EXERCISE AIM:
What is needed is an exact transcription of the listing, with the images removed.

━━━━━ DATASET SECTION

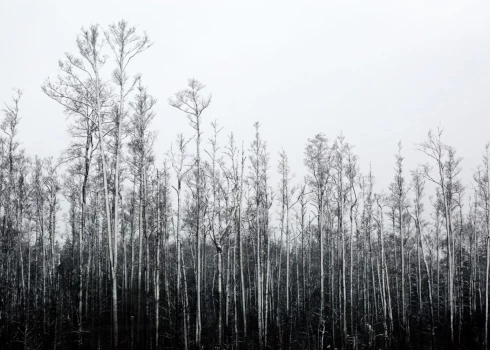 Piektdien pēc siltas nakts gaiss kļūs vēsāks. 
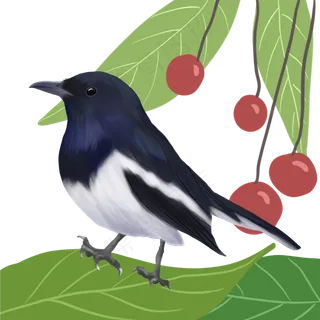春天季节喜鹊手绘,免抠元素
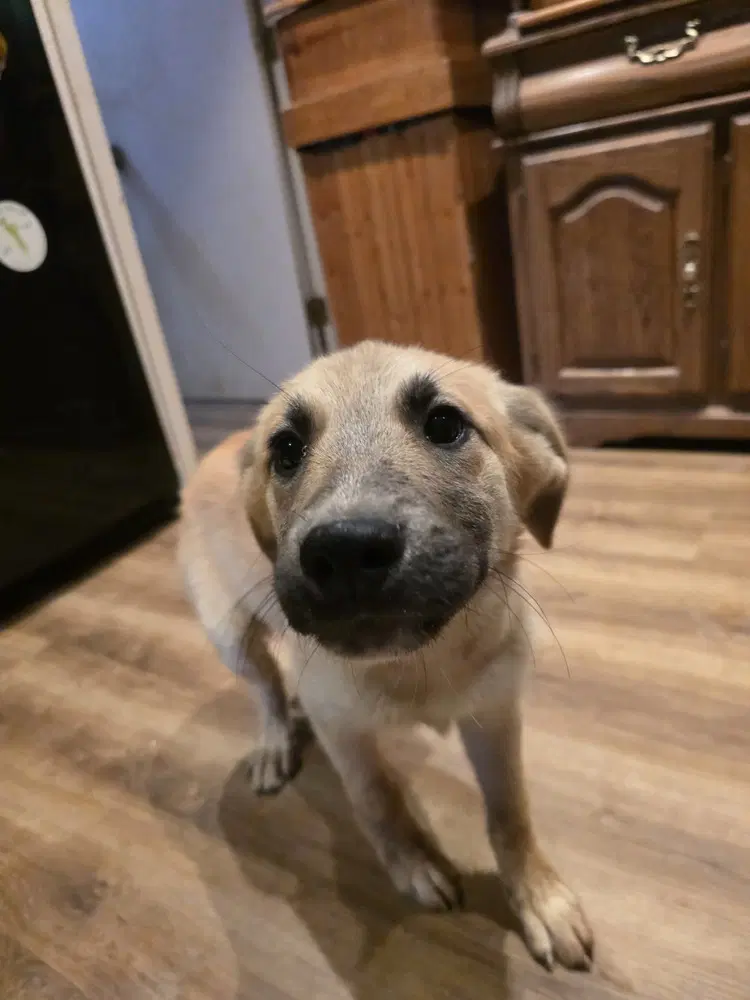 Tansy - Labrador Retriever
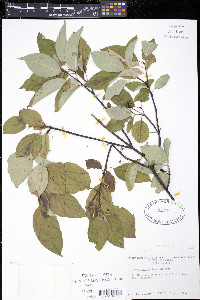 Cornus sericea subsp. sericea image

━━━━━━━━━━

RESULT:
 Piektdien pēc siltas nakts gaiss kļūs vēsāks. 
春天季节喜鹊手绘,免抠元素
 Tansy - Labrador Retriever
 Cornus sericea subsp. sericea image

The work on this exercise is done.